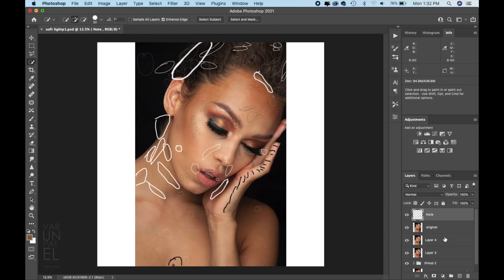In today's video we are going to discuss how you can plan for your retouches. Before I start any retouch, I always mark the things I would like to change. So let's get started — I already have my note layer on with some markings done on my picture.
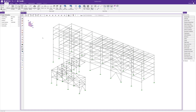RISA Connection utilizes interactive connection modeling and visualization, including 2D and 3D views, for the creation and design of a variety of steel connections. In this video, we'll take a look at the integration between RISA 3D and RISA Connection for the design of steel connections for a larger 3D model.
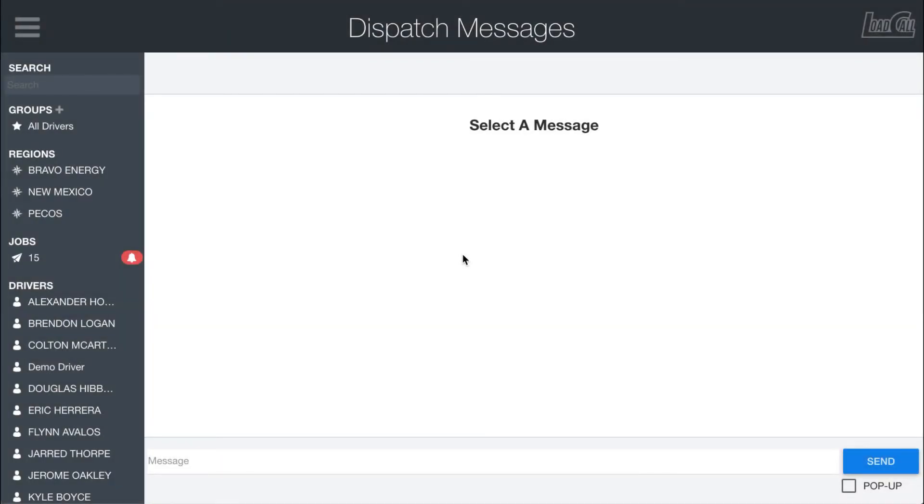The messages page in Load Call is pretty straightforward to use, but we'll go over some of the important features. It's also important to note that there are two messaging pages: one is the dispatch messages.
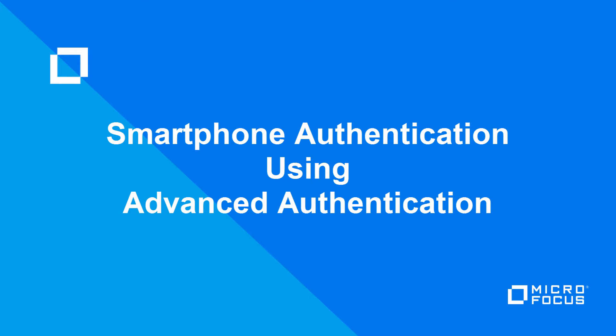Hello and welcome to the NetIQ video demonstration. In today's video we will learn how we can use smartphone authentication as a step-up authentication using existing advanced authentication methods.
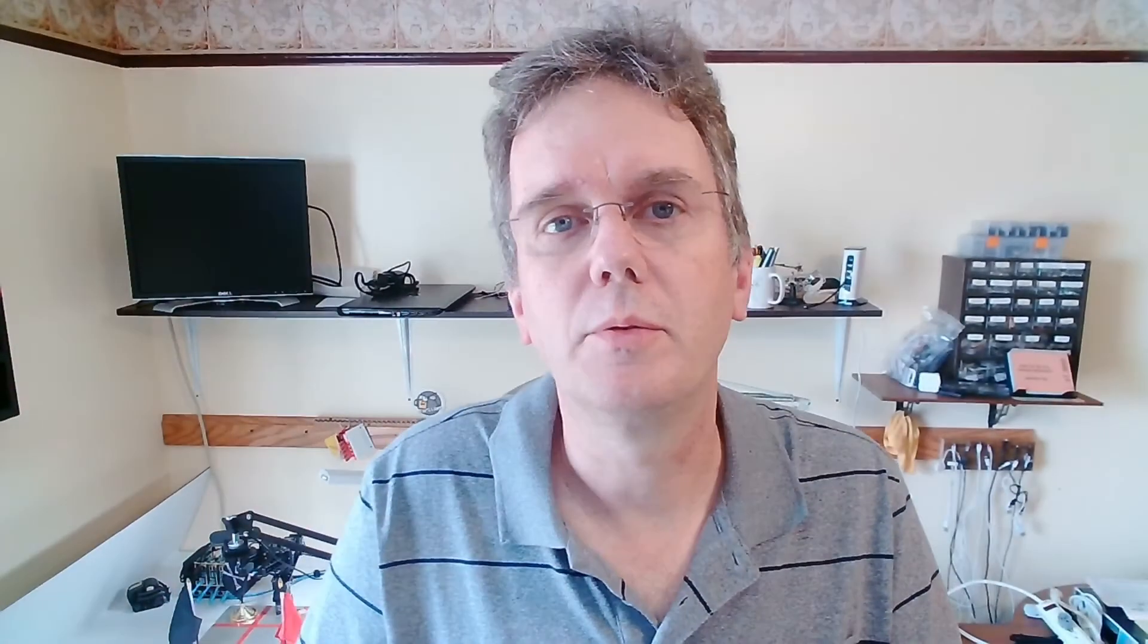Hi, my name is Sid Faber from the robotics team at Canonical. As we discussed in the first part of this video, all robots based on ROS are programmed using a few simple but core concepts: nodes and parameters, topics, services, and actions. We talked about the first three in part one. Now we're going to cover services and actions, or making a robot actually do stuff.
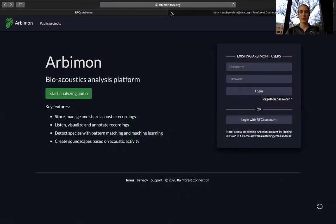Welcome to Rainforest Connection's first video in the Getting Setup video series. This video will cover how to create an account, and is specifically for users who have never used Arbimon or Rainforest Connection's login before.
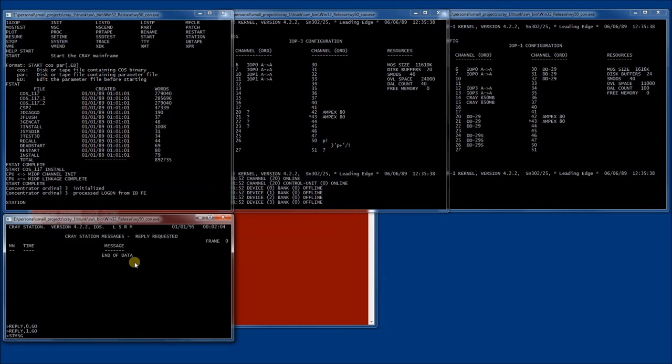I'm going to switch over to the information display. Here we can see certain messages coming from the mainframe. This operation of formatting the hard drive will take a while. So while it's running, let's look at a few other things.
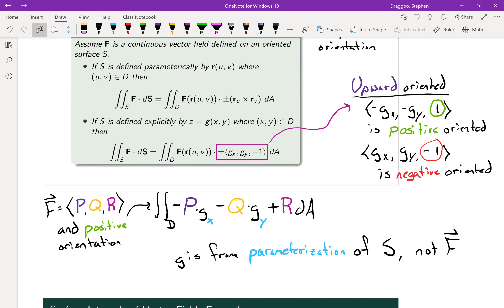Following along in the textbook, they call the vector field F = (P, Q, R), which has been standard for the last few chapters. Assuming positive (upward) orientation, the surface integral becomes the double integral of (−P·gₓ − Q·gᵧ + R) dA. Note that the function g comes from the parameterization of S, not from the vector field F.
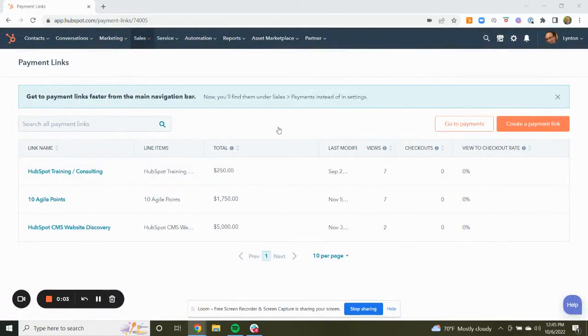Hi folks, this is Roman with Linten, and I just wanted to show you the power of the payment link.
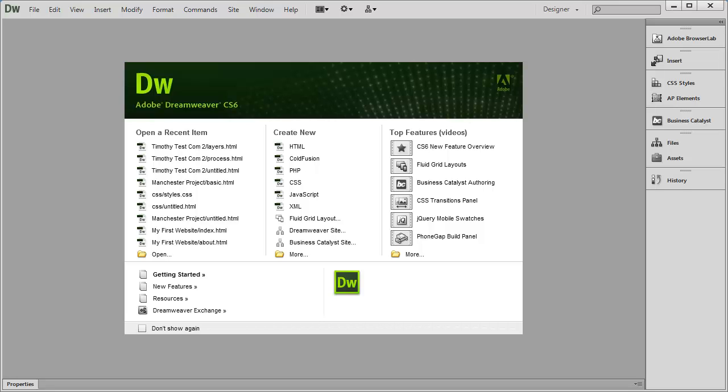Hi and welcome back. In this video we're going to create our first website inside of Dreamweaver and see how to add folders and pages and how to keep our material inside of Dreamweaver organized.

========

▸ **AIM OF THE EXERCISE**: Reproduce each line of the records exactly, omitting any picture.

▸ **ANSWER TO THE EXERCISE**:
In today's video we are going to discuss how you can plan for your retouches. Before I start any retouch, I always mark the things I would like to change. So let's get started — I already have my note layer on with some markings done on my picture.
RISA Connection utilizes interactive connection modeling and visualization, including 2D and 3D views, for the creation and design of a variety of steel connections. In this video, we'll take a look at the integration between RISA 3D and RISA Connection for the design of steel connections for a larger 3D model.
The messages page in Load Call is pretty straightforward to use, but we'll go over some of the important features. It's also important to note that there are two messaging pages: one is the dispatch messages.
Hello and welcome to the NetIQ video demonstration. In today's video we will learn how we can use smartphone authentication as a step-up authentication using existing advanced authentication methods.
Hi, my name is Sid Faber from the robotics team at Canonical. As we discussed in the first part of this video, all robots based on ROS are programmed using a few simple but core concepts: nodes and parameters, topics, services, and actions. We talked about the first three in part one. Now we're going to cover services and actions, or making a robot actually do stuff.
Welcome to Rainforest Connection's first video in the Getting Setup video series. This video will cover how to create an account, and is specifically for users who have never used Arbimon or Rainforest Connection's login before.
I'm going to switch over to the information display. Here we can see certain messages coming from the mainframe. This operation of formatting the hard drive will take a while. So while it's running, let's look at a few other things.
Following along in the textbook, they call the vector field F = (P, Q, R), which has been standard for the last few chapters. Assuming positive (upward) orientation, the surface integral becomes the double integral of (−P·gₓ − Q·gᵧ + R) dA. Note that the function g comes from the parameterization of S, not from the vector field F.
Hi folks, this is Roman with Linten, and I just wanted to show you the power of the payment link.
Hi and welcome back. In this video we're going to create our first website inside of Dreamweaver and see how to add folders and pages and how to keep our material inside of Dreamweaver organized.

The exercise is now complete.